Ella reflexionó un momento antes de contestar.

—Sí, es cierto. Madame siempre intentaba hacer creer a sus clientes que guardaba los papeles en la caja de caudales, pero en realidad el arca estaba vacía. Todo lo guardaba en su dormitorio.

—¿Quiere enseñarnos dónde está?

Elise se levantó y los dos hombres la siguieron. El dormitorio era una sala espaciosa, aunque tan llena de muebles que apenas podía uno moverse libremente. En un rincón había un cofre muy antiguo, cuya tapa levantó Elise para sacar un vestido de alpaca pasado de moda y unas enaguas de seda. En el interior del vestido había un bolsillo.

—Aquí estaban los papeles, monsieur. Los guardaba en un sobre cerrado.

—No me habló usted de eso cuando le pregunté hace tres días —observó Fournier con acritud.

—Perdone usted, monsieur. Usted me preguntó dónde estaban los papeles que se guardaban en la caja. Le contesté que los había quemado. Y es cierto.
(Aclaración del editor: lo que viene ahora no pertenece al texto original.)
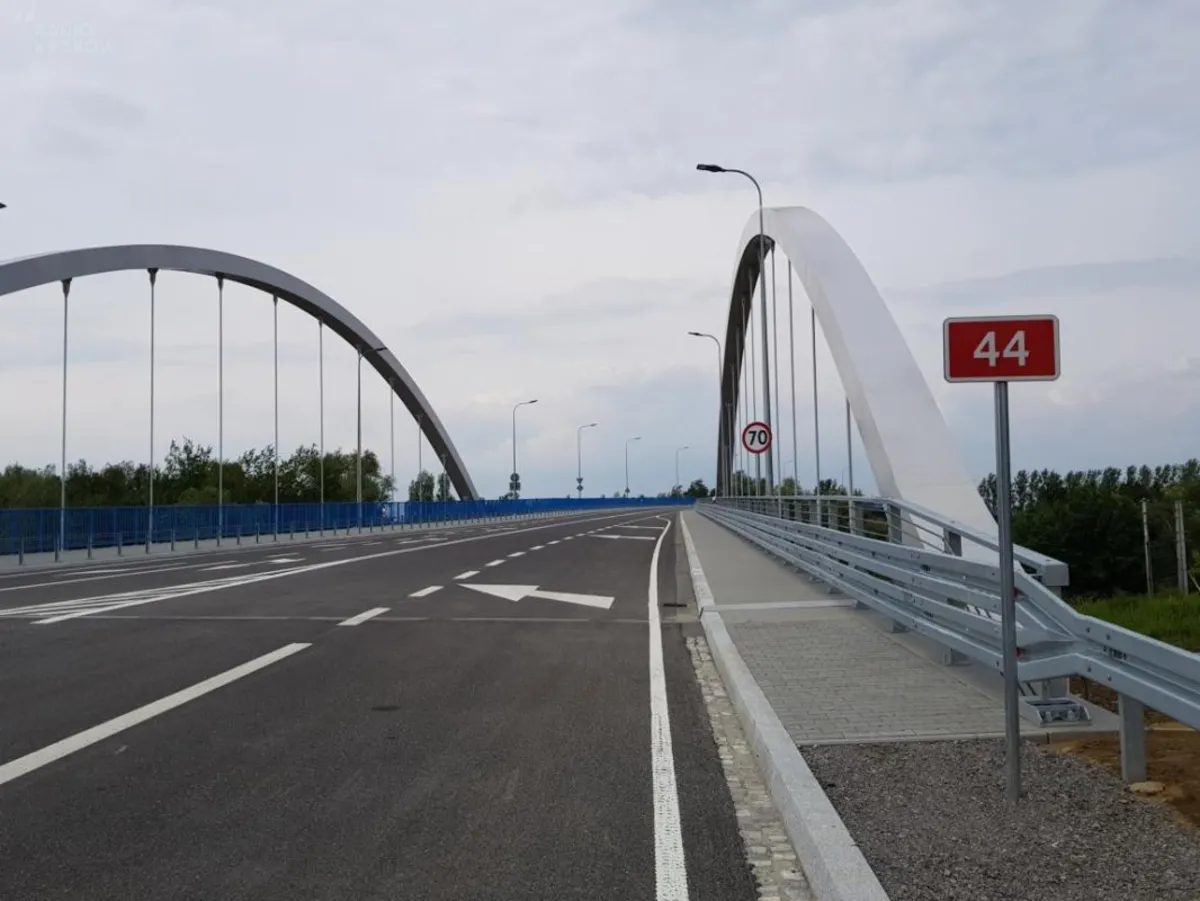 Kierowcy mogą już przejechać całą obwodnicą Skawiny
Parecía que no tenía importancia el lugar donde se guardaban los papeles.

—Cierto —admitió Fournier—. Comprenderá usted, mademoiselle, que esos papeles no debían haberse quemado.
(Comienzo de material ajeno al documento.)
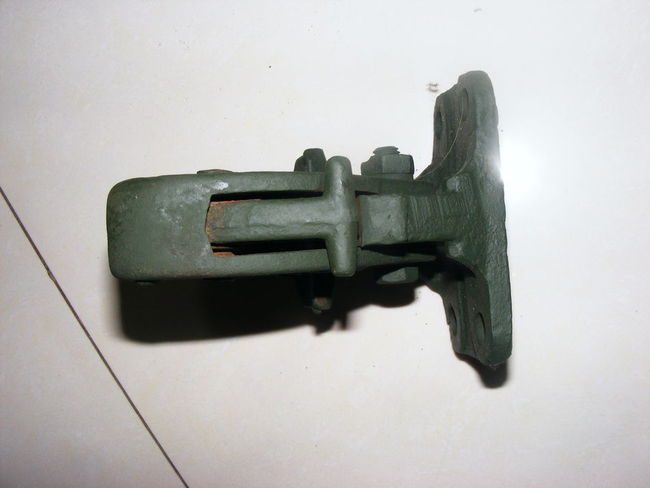 Slat pintle top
—Obedecí las órdenes de madame —replicó Elise obstinadamente.

—Ya sé que obró usted con buena intención —reconoció Fournier, suavizando el tono—. Ahora ponga atención a lo que le digo, mademoiselle: su señora fue asesinada. Es posible que fuese asesinada por personas de quienes poseyera algún secreto que pudiera perjudicarlas. Ese secreto estaba en los papeles que usted quemó. Voy a preguntarle una cosa, pero no quiero que conteste sin reflexionar. Es posible, a mi modo de ver es probable y comprensible, que usted examinase esos papeles antes de arrojarlos a las llamas. En este caso, nadie la culpará por ello. Y en cambio, su información puede ser de gran provecho para la policía y para descubrir al autor del crimen. Por tanto, mademoiselle, no tema contestar con toda sinceridad. ¿Leyó usted los papeles antes de quemarlos?

—No, monsieur. No leí nada en absoluto. Quemé el sobre sin abrirlo.